In March 2019, the Ilminster Hare Week, which is described as a “hare hunting festival”, was shut down by the presence of over fifty hunt saboteurs. Kevin Loader, master of the Ilminster Beagles, claims in a video that the hunt chase hares because “the hounds need to know what a hare looks like”. Frustrated by the success of sabs, a similar hunting event was attempted a week later but “packed up shortly after realising that sabs were everywhere”, according to a Facebook report.
Going around in circles
As well as hunting using packs of hounds that rely on scent, hares also fall victim to coursing, which uses hounds that hunt by sight. Both forms of hunting are illegal under the Hunting Act 2004, though the majority of convictions are for coursing rather than formal hunting.
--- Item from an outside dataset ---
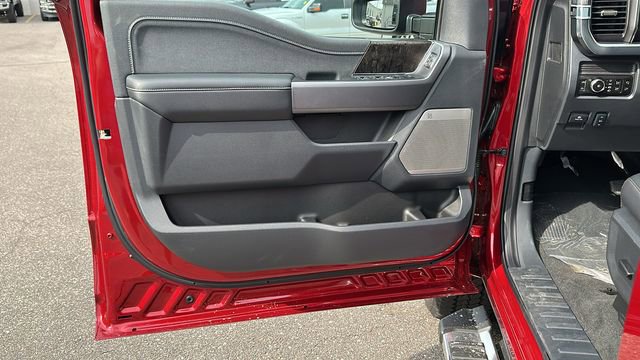 New 2025 Ford F250 Lariat w/ Chrome Package image 15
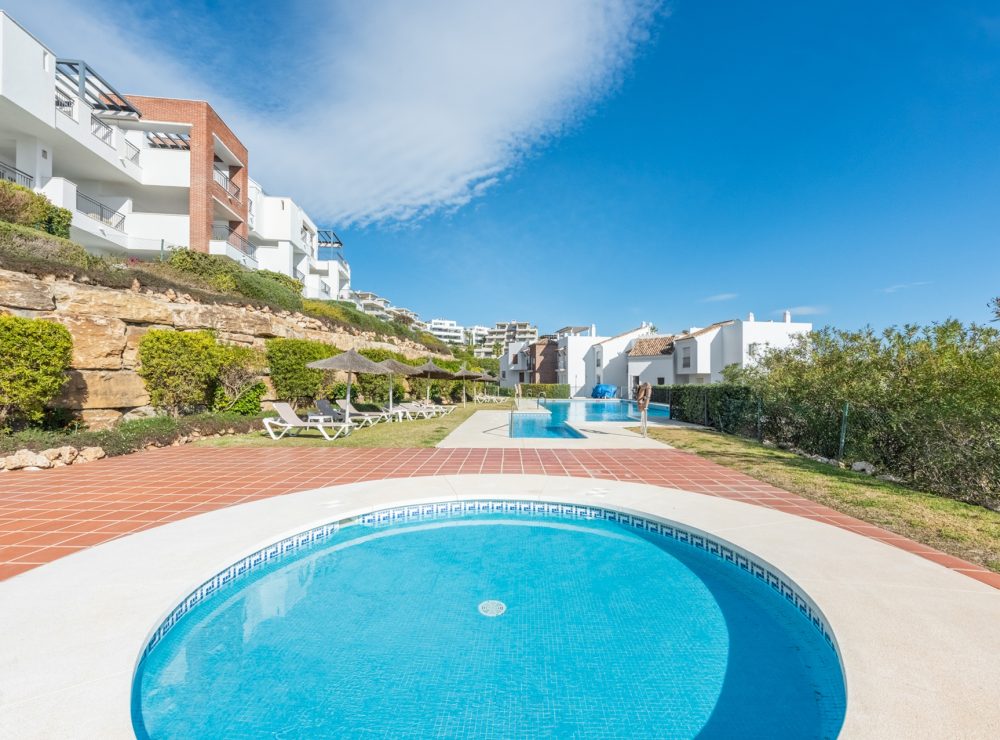 Apartment Los Robles de Los Arqueros Benahavis Marbella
Prosecutions of hare coursers are often focused on the “associated trespass and criminality” rather than the cruelty inflicted on individual animals. Indeed, Coles confirms in a cruel sense of irony that the “main factor driving anyone wanting to cull hares of any kind would be to prevent coursing”.
Alderman confirms another ironic element:
Some people are concerned that the introduction of a closed season will somehow increase hare coursing – this rural crime issue is already a huge problem in many parts of the country, particularly in the Eastern Counties. However, culling large numbers of a species to prevent its persecution cannot be seen as a sound method of conservation.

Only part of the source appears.